The groundwater module implements saturated-zone dynamics, producing the baseflow contribution that is added to surface runoff before lateral inflow accumulation in the river network.

Overview

Currently, a single linear reservoir model is available. Each active cell is treated as an independent linear reservoir with a governing equation:

\[ q = k_f \cdot h, \qquad \frac{dh}{dt} = R - q \]

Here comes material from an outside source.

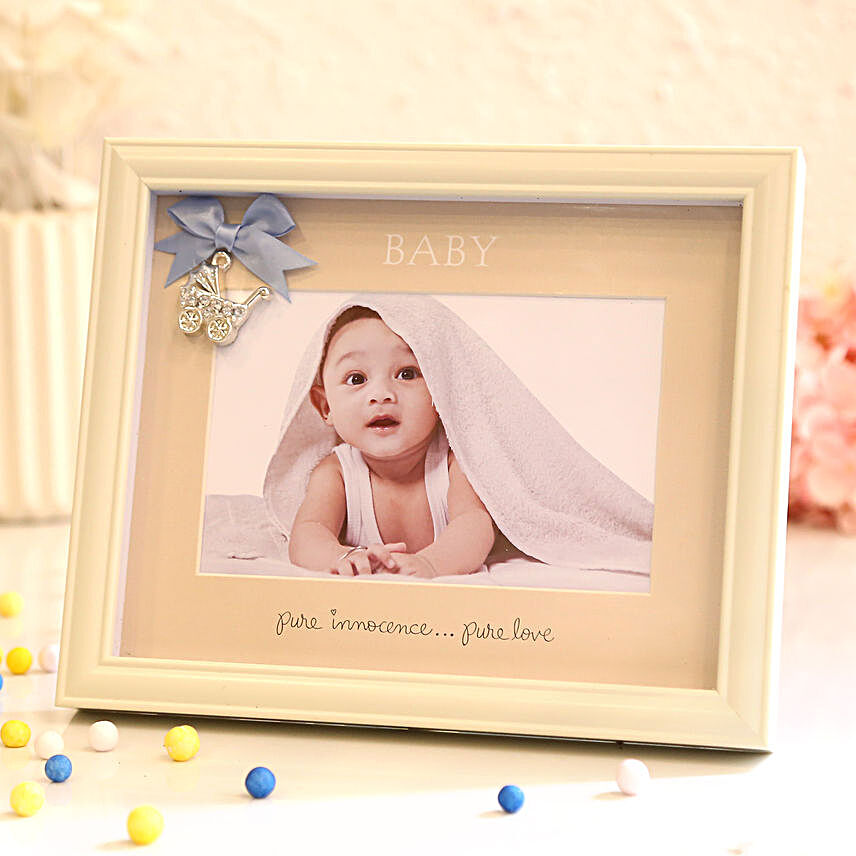 Personalised Off White & Blue Photo Frame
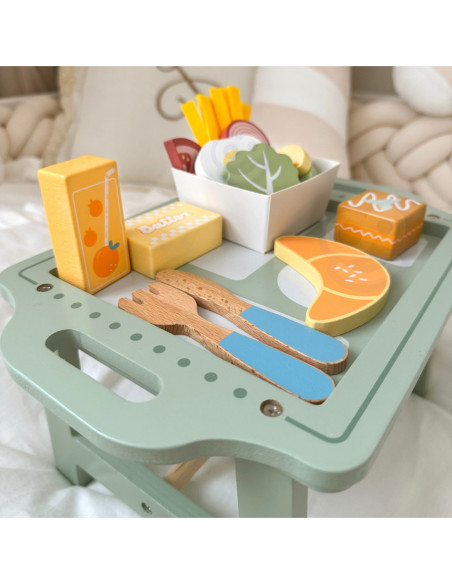 WOOPIE GREEN Zestaw Śniadaniowy z Tacą i Akcesoriami Serwis Pastelowy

where \(h\) is the groundwater head [m], \(k_f\) is the aquifer conductivity [1/s], \(R\) is the net recharge [m/s], and \(q\) is the baseflow [m/s].

The equation is solved analytically over each time step, and the average baseflow over the step is returned. Recharge is internally clamped to prevent the head from going negative.

Recharge is computed inside the simulation loop as:

\[ R = P_{\text{perc}} - \ell \]
  • \(P_{\text{perc}}\): percolation flux from the soil water balance [m/s]
  • \(\ell\): per-cell global loss term, computed by distributing parameters.groundwater.global_loss [m³/s] uniformly across the active cells.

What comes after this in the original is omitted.